TCP Datagram Reassembly

pcapkit.foundation.reassembly.tcp contains Reassembly only, which reconstructs fragmented TCP packets back to origin.

class pcapkit.foundation.reassembly.tcp.TCP(*, strict=True, store=True)[source]

Bases: ReassemblyBase[Packet, Datagram, tuple[_AT, int, _AT, int], Buffer]

Reassembly for TCP payload.

Parameters:
  • strict (bool) – if return all datagrams (including those not implemented) when submit

  • store (bool) – if store reassembled datagram in memory, i.e., self._dtgram (if not, datagram will be discarded after callback)

Example

>>> from pcapkit.foundation.reassembly import TCP
# Initialise instance:
>>> tcp_reassembly = TCP()
# Call reassembly:
>>> tcp_reassembly(packet_dict)
# Fetch result:
>>> result = tcp_reassembly.datagram
reassembly(info)[source]

Reassembly procedure.

Parameters:

info (Packet) – info dict of packets to be reassembled

Return type:

None

submit(buf, *, bufid)[source]

Submit reassembled payload.

Parameters:
Return type:

list[Datagram]

Returns:

Reassembled packets.

__protocol_name__: str = 'TCP'

Protocol name of current reassembly object.

__protocol_type__(file=None, length=None, **kwargs): Type[Protocol] = <class 'pcapkit.protocols.transport.tcp.TCP'>

Protocol of current reassembly object.

Algorithm

See also

This algorithm is an adaptation of the algorithm described in RFC 815.

Attribute

Definition

DSN

Data Sequence Number

ACK

TCP Acknowledgement

SYN

TCP Synchronisation Flag

FIN

TCP Finish Flag

RST

TCP Reset Connection Flag

BUFID

Buffer Identifier

HDL

Hole Discriptor List

ISN

Initial Sequence Number

src

source IP

dst

destination IP

srcport

source TCP port

dstport

destination TCP port

DO {
   BUFID <- src|dst|srcport|dstport|ACK;
   IF (SYN is true) {
      IF (buffer with BUFID is allocated) {
         flush all reassembly for this BUFID;
         submit datagram to next step;
      }
   }

   IF (no buffer with BUFID is allocated) {
      allocate reassembly resources with BUFID;
      ISN <- DSN;
      put data from fragment into data buffer with BUFID
         [from octet fragment.first to octet fragment.last];
      update HDL;
   }

   IF (FIN is true or RST is true) {
      submit datagram to next step;
      free all reassembly resources for this BUFID;
      BREAK.
   }
} give up until (next fragment);

update HDL: {
   DO {
      select the next hole descriptor from HDL;

      IF (fragment.first >= hole.first) CONTINUE.
      IF (fragment.last <= hole.first) CONTINUE.

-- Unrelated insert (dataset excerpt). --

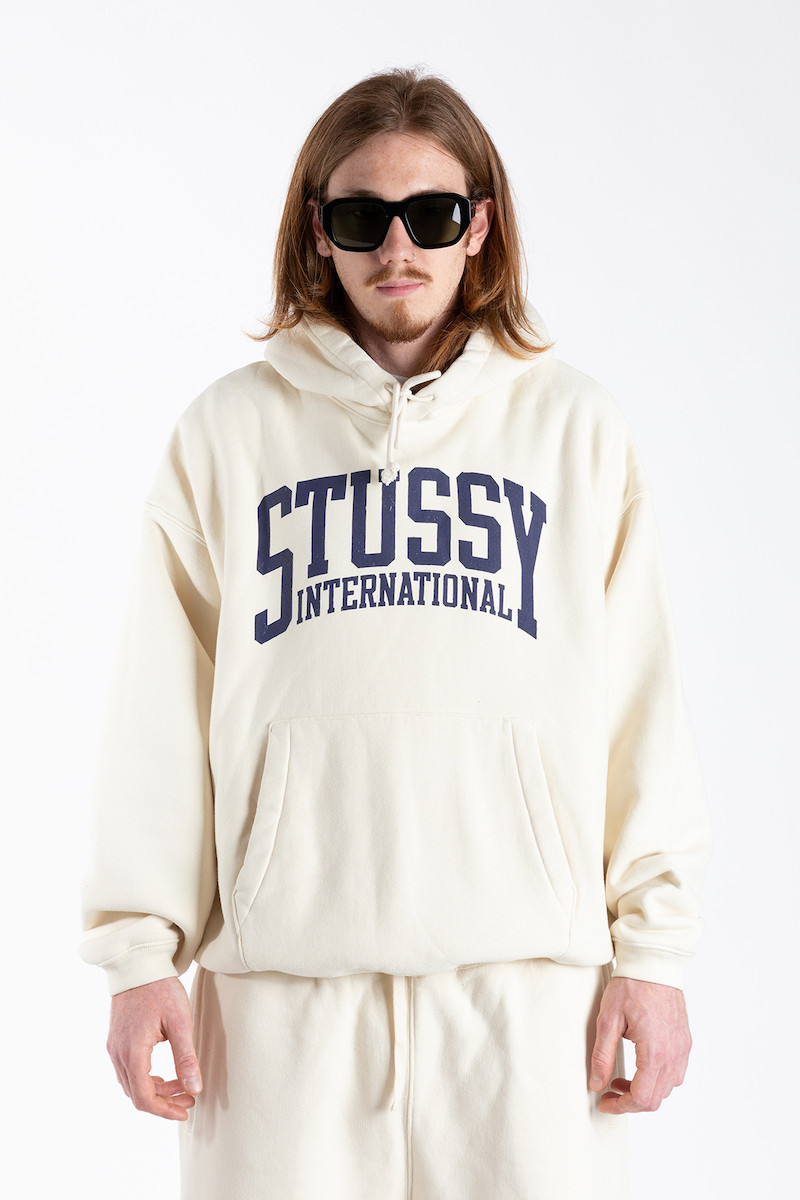 Stussy Intl Relaxed Hood 118550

      delete the current entry from HDL;

      IF (fragment.first >= hole.first) {
         create new entry "new_hole" in HDL;
         new_hole.first <- hole.first;
         new_hole.last <- fragment.first - 1;
         BREAK.
      }

      IF (fragment.last <= hole.last) {
         create new entry "new_hole" in HDL;
         new_hole.first <- fragment.last + 1;
         new_hole.last <- hole.last;
         BREAK.
      }
   } give up until (no entry from HDL)
}

The following algorithm implement is based on IP Datagram Reassembly Algorithm introduced in RFC 815. It described an algorithm dealing with RCVBT (fragment received bit table) appeared in RFC 791. And here is the process:

  1. Select the next hole descriptor from the hole descriptor list. If there are no more entries, go to step eight.

  2. If fragment.first is greater than hole.last, go to step one.

  3. If fragment.last is less than hole.first, go to step one.

  4. Delete the current entry from the hole descriptor list.

  5. If fragment.first is greater than hole.first, then create a new hole descriptor new_hole with new_hole.first equal to hole.first, and new_hole.last equal to fragment.first minus one (-1).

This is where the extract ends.